● **Problem statement**:
Only these lines of the data below are wanted: the one with "2017 AUDI Q5", the one with "ja Digibisneksen ABC!", and any lines between them, each repeated exactly.

● **Records shown**:
#####

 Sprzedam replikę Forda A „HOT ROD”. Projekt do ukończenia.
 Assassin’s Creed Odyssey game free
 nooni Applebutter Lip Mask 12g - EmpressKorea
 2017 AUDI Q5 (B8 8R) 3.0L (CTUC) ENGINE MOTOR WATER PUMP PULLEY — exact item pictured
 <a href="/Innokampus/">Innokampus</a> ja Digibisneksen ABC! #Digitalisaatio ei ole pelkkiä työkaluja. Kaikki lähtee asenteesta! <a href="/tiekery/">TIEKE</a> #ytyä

#####

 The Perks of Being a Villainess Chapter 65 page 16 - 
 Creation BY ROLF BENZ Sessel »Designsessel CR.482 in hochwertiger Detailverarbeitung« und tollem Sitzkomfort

#####

● **Result of this task**:
 2017 AUDI Q5 (B8 8R) 3.0L (CTUC) ENGINE MOTOR WATER PUMP PULLEY — exact item pictured
 <a href="/Innokampus/">Innokampus</a> ja Digibisneksen ABC! #Digitalisaatio ei ole pelkkiä työkaluja. Kaikki lähtee asenteesta! <a href="/tiekery/">TIEKE</a> #ytyä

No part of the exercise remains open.